Member of the National Assembly of Bhutan
- In office 31 October 2018 – 2023
- Preceded by: Mingbo Dukpa
- Constituency: Dewathang Gomdar
- In office 2008–2013
- Succeeded by: Mingbo Dukpa
- Constituency: Dewathang Gomdar

Personal details
- Born: c. 1975
- Party: Druk Phuensum Tshogpa (DPT)

= Ugyen Dorji (DPT politician) =

Bhutanese politician

Ugyen Dorji is a Bhutanese politician who was a member of the National Assembly of Bhutan from October 2018 to 2023.

== Education ==
He holds a Master's degree in Industrial and Employment Relations from Monash University, Australia.

== Political career ==
Dorji was elected to the National Assembly of Bhutan as a candidate of DPT in the 2008 Bhutanese National Assembly election. He received 5,610 votes and defeated Mingbo Dukpa, a candidate of PDP.

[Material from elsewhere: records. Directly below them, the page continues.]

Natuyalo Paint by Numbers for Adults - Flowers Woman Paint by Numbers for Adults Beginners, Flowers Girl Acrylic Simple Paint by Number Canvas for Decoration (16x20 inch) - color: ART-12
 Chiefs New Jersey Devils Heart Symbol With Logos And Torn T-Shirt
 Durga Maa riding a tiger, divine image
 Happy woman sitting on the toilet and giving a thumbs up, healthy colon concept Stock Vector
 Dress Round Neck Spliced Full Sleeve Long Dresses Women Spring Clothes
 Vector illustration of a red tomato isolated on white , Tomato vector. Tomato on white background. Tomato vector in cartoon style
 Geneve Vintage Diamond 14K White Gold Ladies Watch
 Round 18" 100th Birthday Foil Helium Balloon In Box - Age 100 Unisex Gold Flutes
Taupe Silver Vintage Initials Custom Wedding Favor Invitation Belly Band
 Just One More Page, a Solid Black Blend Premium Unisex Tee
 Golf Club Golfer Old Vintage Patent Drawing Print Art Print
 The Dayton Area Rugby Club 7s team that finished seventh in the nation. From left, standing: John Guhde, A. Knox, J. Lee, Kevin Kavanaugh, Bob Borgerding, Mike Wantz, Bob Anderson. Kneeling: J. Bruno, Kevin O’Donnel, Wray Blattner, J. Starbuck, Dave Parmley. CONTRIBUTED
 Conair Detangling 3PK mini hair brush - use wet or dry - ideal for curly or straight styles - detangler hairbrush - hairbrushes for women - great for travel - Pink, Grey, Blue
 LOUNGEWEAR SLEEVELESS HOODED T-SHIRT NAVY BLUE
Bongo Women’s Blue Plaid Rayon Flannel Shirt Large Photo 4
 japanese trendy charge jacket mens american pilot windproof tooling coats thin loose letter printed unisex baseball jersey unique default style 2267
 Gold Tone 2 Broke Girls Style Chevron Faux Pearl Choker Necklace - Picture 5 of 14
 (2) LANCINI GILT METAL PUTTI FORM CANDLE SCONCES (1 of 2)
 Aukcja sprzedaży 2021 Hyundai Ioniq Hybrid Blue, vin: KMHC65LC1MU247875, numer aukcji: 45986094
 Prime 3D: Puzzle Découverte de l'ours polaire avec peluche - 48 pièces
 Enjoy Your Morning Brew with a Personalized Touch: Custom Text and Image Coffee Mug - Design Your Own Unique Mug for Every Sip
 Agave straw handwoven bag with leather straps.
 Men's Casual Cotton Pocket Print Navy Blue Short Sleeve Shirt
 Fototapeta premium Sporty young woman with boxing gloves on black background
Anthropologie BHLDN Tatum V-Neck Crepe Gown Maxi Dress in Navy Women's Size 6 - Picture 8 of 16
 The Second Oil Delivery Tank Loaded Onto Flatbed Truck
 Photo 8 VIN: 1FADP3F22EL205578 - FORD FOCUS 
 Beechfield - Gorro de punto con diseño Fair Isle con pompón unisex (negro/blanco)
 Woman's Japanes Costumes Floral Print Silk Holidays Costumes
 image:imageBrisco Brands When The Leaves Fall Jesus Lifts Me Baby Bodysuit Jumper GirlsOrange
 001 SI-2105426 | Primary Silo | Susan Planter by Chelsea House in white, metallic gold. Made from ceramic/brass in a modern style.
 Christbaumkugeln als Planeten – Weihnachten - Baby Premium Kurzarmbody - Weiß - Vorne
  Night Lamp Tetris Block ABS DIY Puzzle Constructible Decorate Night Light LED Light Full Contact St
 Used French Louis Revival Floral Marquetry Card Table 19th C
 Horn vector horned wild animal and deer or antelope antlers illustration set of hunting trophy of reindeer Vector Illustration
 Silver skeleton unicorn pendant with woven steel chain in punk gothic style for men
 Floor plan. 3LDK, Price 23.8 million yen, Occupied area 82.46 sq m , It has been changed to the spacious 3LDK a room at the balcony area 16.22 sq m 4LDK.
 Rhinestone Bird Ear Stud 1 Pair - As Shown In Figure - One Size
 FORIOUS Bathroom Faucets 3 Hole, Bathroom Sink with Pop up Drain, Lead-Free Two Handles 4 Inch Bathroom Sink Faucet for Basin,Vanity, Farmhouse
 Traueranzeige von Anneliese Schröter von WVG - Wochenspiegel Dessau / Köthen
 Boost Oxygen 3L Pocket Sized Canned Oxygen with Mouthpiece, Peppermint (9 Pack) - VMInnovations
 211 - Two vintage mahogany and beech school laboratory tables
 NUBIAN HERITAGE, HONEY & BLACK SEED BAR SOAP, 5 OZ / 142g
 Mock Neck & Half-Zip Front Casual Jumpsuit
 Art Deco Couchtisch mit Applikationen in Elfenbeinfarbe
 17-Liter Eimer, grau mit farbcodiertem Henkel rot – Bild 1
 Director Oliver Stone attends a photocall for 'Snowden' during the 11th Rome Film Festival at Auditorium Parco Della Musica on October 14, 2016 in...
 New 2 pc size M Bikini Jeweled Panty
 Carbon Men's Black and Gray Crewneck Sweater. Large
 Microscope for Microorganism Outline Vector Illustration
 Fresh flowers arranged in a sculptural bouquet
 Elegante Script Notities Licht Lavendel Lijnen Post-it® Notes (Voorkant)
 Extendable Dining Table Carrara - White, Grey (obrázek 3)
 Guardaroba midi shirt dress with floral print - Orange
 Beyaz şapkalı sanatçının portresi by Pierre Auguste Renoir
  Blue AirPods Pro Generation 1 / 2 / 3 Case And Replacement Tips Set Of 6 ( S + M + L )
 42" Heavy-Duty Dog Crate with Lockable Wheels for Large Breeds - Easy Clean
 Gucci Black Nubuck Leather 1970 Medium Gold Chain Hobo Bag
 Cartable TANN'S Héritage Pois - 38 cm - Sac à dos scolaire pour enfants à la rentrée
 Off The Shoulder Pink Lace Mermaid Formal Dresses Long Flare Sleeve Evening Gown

He ran for the seat of the National Assembly of Bhutan as a candidate of DPT in the 2013 Bhutanese National Assembly election, but was unsuccessful. He received 2,205 votes and lost the seat to the same opponent Mingbo Dukpa.

Dorji was elected to the National Assembly of Bhutan as a candidate of DPT from Dewathang Gomdar constituency in 2018 Bhutanese National Assembly election. He received 5,367 votes and defeated Thinley Namgay, a candidate of DNT.